Carlota (nome que troco propositadamente) passou pelas dores terríveis de uma cirurgia de transformação. Pobre, inscreveu-se em um desses programas oficiais politicamente corretos e percebeu que jamais teria chances de atendimento, além de ter sido obrigada a devassar sua vida e sua intimidade a entrevistas invasivas de toda espécie. Partiu para uma aventura enlouquecida e, após prostituir-se muito além do suportável, conseguiu pagar, em Milão, alguém que fizesse a operação, com o mínimo padrão de segurança. De volta ao Brasil, tentou mudar seus documentos e festejar a vida nova. Não deferiram nem indeferiram, uma vez que o juiz de direito mandou expedir um mandado de averbação e nele carimbar: transexual. A explicação de Sua Excelência foi simples: era uma precaução para que Carlota não enganasse as pessoas, ocultando sua real condição. Na cabeça do Magistrado, as pessoas conferem as carteiras de identidade de seus parceiros. Carlota sentiu-se um lixo e disse para mim que preferia ter sido morta no parto.

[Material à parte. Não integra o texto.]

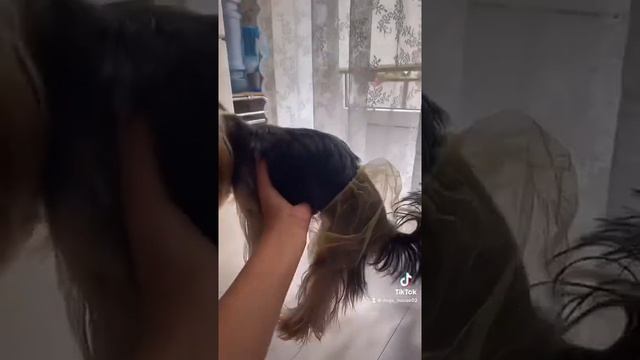 Как правильно ухаживать за Йорком￼ смотреть онлайн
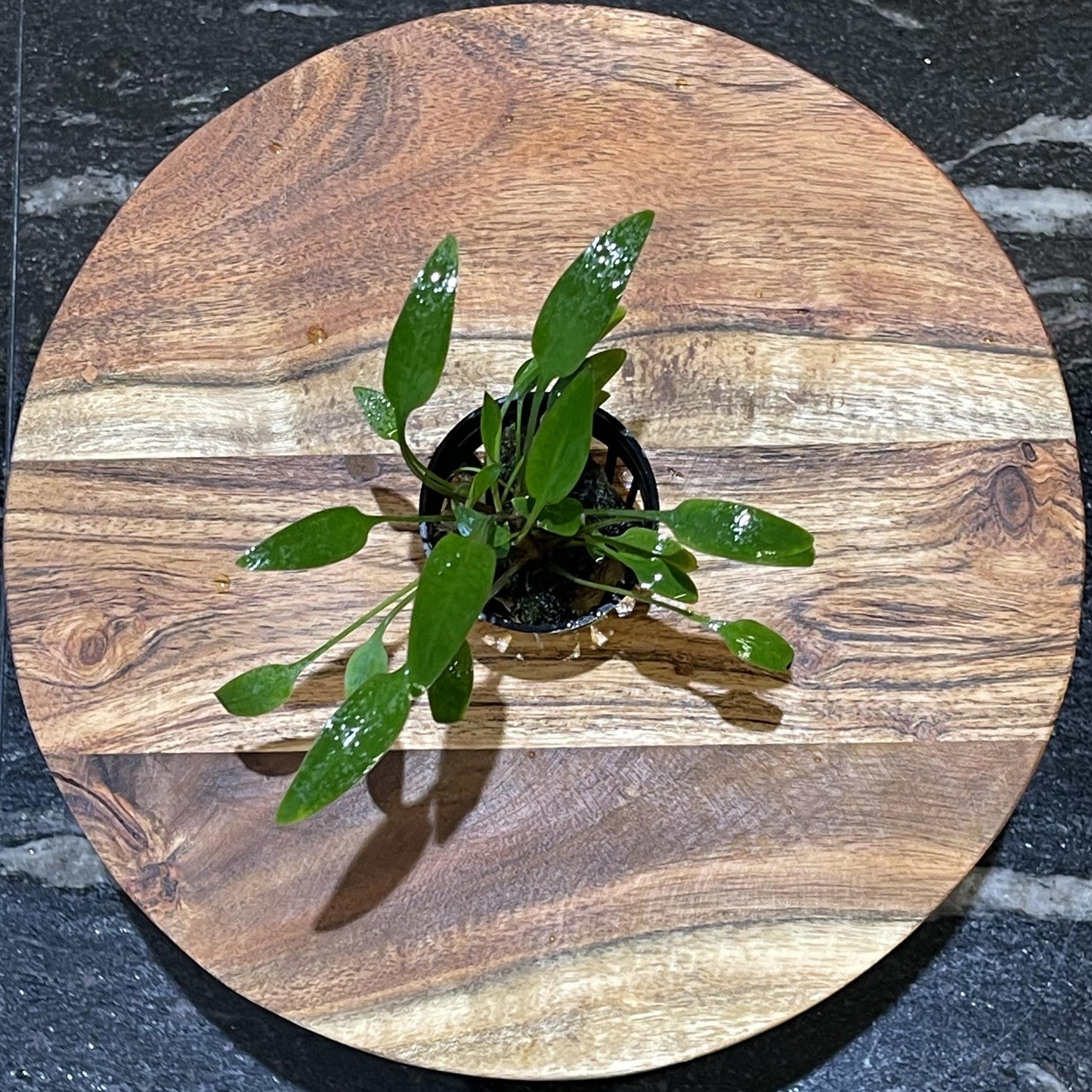 Pisces Enterprises 5cm Pot Cryptocoryne Willisii 5cm Pot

Todas essas pessoas passaram por minha vida, inclusive as envergonhadas famílias das travestis mortas, numa cena de filme de horror. Uma delas me pediu para que o sobrenome da família fosse poupado: até morto e depois de emasculado, estripado e assassinado, encontrou-se tempo para sentir-se vergonha pela exposição dos parentes, que não tinham nada com aquilo.
Vejo agora a indignação furiosa de quem se inconformou com uma alegoria na Passeata do Orgulho Gay, na verdade uma manifestação de milhões de pessoas contra a intolerância, manifestada no repúdio à homofobia. A passeata que irrita, somente irrita porque expõe ao sol os preconceitos, as limitações e os ódios que se cultivaram nos últimos meses, em que erguemos e cultivamos frondosas árvores de frutos envenenados.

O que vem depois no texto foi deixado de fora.